**AIM OF THE TASK:** In the records below, find the line containing "- 10009184 Limone" and repeat it and every line after it exactly, without pictures.

(Captioned web images)

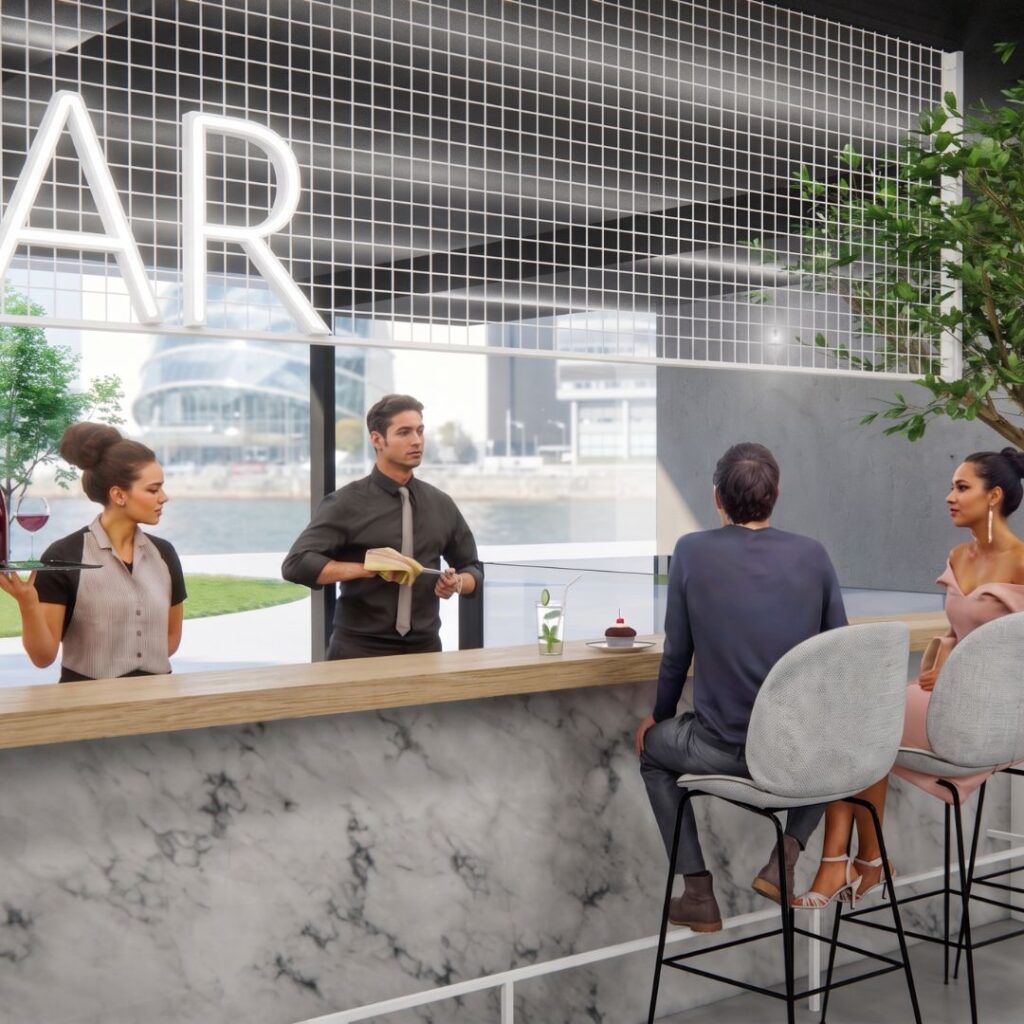 3D-visualisatie van een modern barinterieur met marmeren bar, hoge barkrukken, groene planten en sfeervolle verlichting.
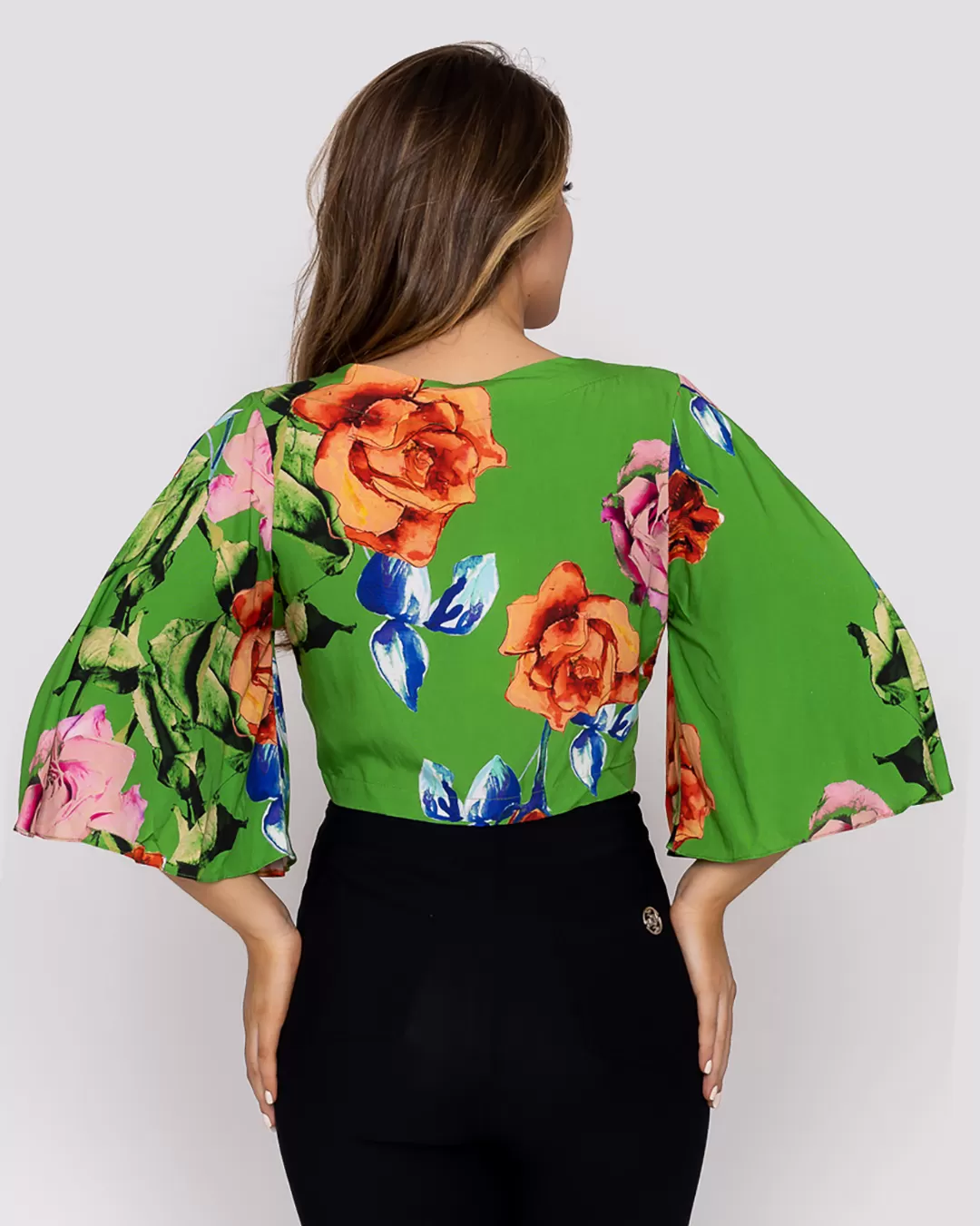 Limone - Cropped Limone with Green Print Knot 02-547 - 10009184 Limone - Cropped Limone with Green Print Knot 02-547 - 10009184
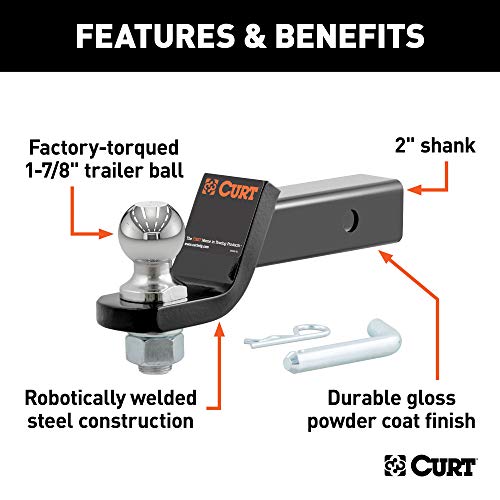 CURT 45034 Trailer Hitch Mount with 1-7/8-Inch Ball & Pin, Fits 2-Inch Receiver, 7,500 lbs, 2-In Drop , black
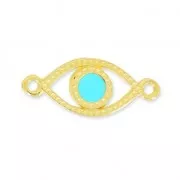 Entrepieza ojo buena suerte 2 anillas 20 mm Turquesa/dorado con oro fino x1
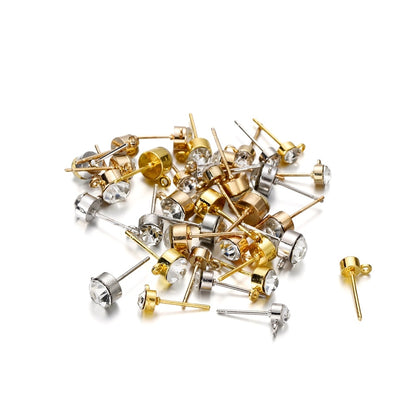 Klare Strass-Ohrstecker, 4–6 mm, mit Öse, 50 Stück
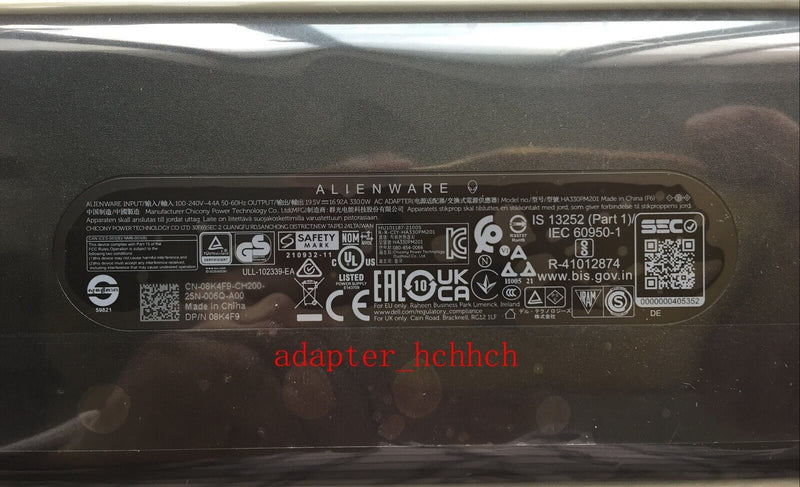 New Original Dell Alienware x16 R1 HA330PM201 19.5V 16.92A AC Power Adapter&Cord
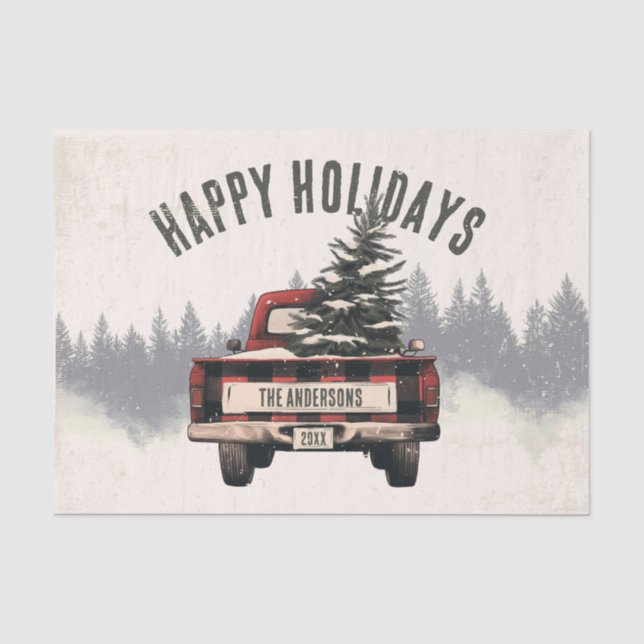Retro Karierter Weihnachtswagen Kundenname Seidenpapier (Vorderseite)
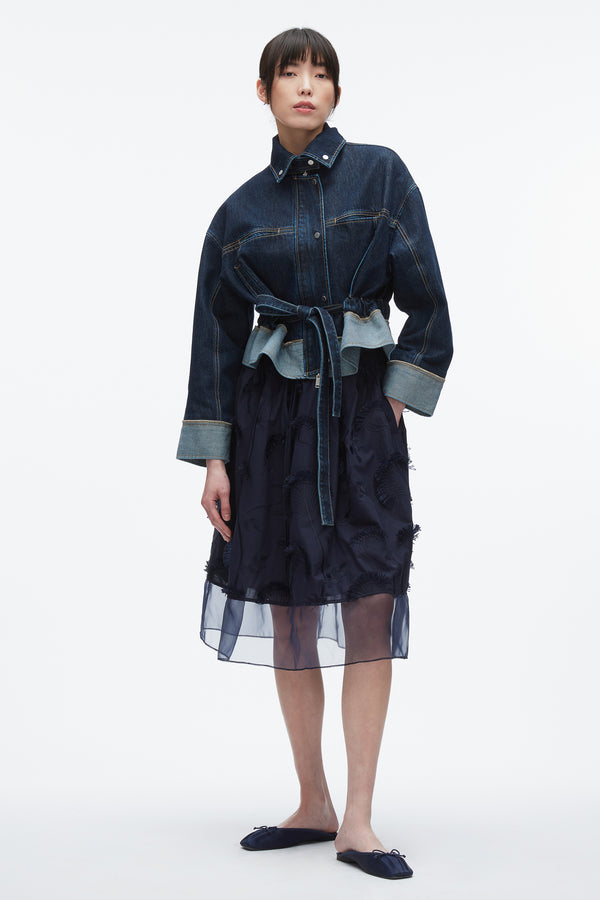 3.1 phillip lim Fil Coupé Midi Skirt MIDNIGHT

**PROBLEM SOLUTION:**
 Limone - Cropped Limone with Green Print Knot 02-547 - 10009184 Limone - Cropped Limone with Green Print Knot 02-547 - 10009184
 CURT 45034 Trailer Hitch Mount with 1-7/8-Inch Ball & Pin, Fits 2-Inch Receiver, 7,500 lbs, 2-In Drop , black
 Entrepieza ojo buena suerte 2 anillas 20 mm Turquesa/dorado con oro fino x1
 Klare Strass-Ohrstecker, 4–6 mm, mit Öse, 50 Stück
 New Original Dell Alienware x16 R1 HA330PM201 19.5V 16.92A AC Power Adapter&Cord
Retro Karierter Weihnachtswagen Kundenname Seidenpapier (Vorderseite)
 3.1 phillip lim Fil Coupé Midi Skirt MIDNIGHT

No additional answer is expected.